There are three types of administrative service nodes that share the control rack with the control node. These include:
- Management Nodes, which provide the DBA or data center operations interface to access and manage the overall solution and support the system’s internal network.
- A Landing Zone Node, where cleansed data is staged and prepped before loading into the data warehouse.
- A Backup Node and the appropriate associated storage. The Backup Node provides high-speed integrated backup at the database level. This is tied to the organization’s overall backup strategy and systems.
The SQL Server PDW is a large-scale enterprise class system and has built-in redundancies:
- Primary data is stored as RAID1.
- Hardware redundancy includes redundant power supplies, spare disks, compute nodes, control nodes, and management servers, mostly designed to support automatic failover.
SQL Server Parallel Data Warehouse is sold as a data warehouse appliance: a set of commodity hardware and Microsoft software pre-configured to meet the needs of a range of data sizes and performance. This makes sense because configuring the individual components, network and connectivity throughput, and disk subsystem performance is a significant effort, more than most IT shops would care to take on. With the appliance, all components and network connectivity are carefully designed, configured, and balanced for optimal performance, and necessary software on all nodes is pre-installed and pre-configured.
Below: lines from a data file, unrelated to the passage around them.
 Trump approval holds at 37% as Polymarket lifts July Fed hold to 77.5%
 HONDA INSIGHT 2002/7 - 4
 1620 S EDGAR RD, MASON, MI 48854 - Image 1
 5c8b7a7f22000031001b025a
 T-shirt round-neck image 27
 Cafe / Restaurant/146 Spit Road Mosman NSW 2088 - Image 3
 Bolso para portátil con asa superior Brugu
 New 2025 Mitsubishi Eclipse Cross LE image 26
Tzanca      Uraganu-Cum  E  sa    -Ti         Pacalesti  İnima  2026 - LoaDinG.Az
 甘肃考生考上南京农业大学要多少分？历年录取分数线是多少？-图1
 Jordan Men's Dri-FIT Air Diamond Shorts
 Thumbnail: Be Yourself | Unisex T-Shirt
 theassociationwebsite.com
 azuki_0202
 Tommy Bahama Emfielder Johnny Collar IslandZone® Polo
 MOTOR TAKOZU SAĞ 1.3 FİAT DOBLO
The MPP architecture can be scaled up by adding racks of compute nodes. The base system starts with one rack. On an HP appliance, for example, a full rack holds 10 nodes, and additional 10-node racks can be added up to a total of 40 nodes. The 40-node limit is more due to the definition of the product and not an inherent limit of the system design. SQL Server PDW uses its backup and restore facility to make expanding a SQL Server PDW is fairly straight forward: back up the database, add the new rack, reconfigure, and restore. The database restoration automatically redistributes the data across all nodes.
Microsoft is working with several hardware vendors to offer SQL Server PDW systems. HP is the first to market with a publicly available product at this writing.
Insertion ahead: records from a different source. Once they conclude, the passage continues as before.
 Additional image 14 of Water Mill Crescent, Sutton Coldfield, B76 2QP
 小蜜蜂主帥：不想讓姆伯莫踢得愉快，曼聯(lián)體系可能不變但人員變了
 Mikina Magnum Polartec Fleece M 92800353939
The physical architecture of distributed nodes with local data means the large data sets have to be distributed across the nodes in a way that will support both data load and query processes. The goal is to get each node and CPU core working as hard as possible on every query. In the data warehouse, fact tables are distributed evenly across nodes so each node will have work to do.
Efficient processing on nodes results when local fact table subsets can join to local dimensions tables, which can be achieved if dimension tables are replicated to all nodes. SQL Server PDW allows you to specify distributed or replicated tables at time of creation, and then transparently manages placing the appropriate data on the appropriate compute nodes at load time.
How does SQL Server PDW fit with the Kimball approach? When you compare it with our principles, it fits quite well. It provides good usability and flexibility because in most cases, you can build a set of atomic-level dimensional models with conformed dimensions. It performs well because the workload is distributed across all the compute nodes rather than bottlenecked on a single server. SQL Server PDW gets an additional performance boost at the node level because SQL Server has functions to support dimensional models, including star-join optimization. And SQL Server PDW’s support for replicated dimension tables allows many common query scenarios to be satisfied without more expensive data-shuffling operations.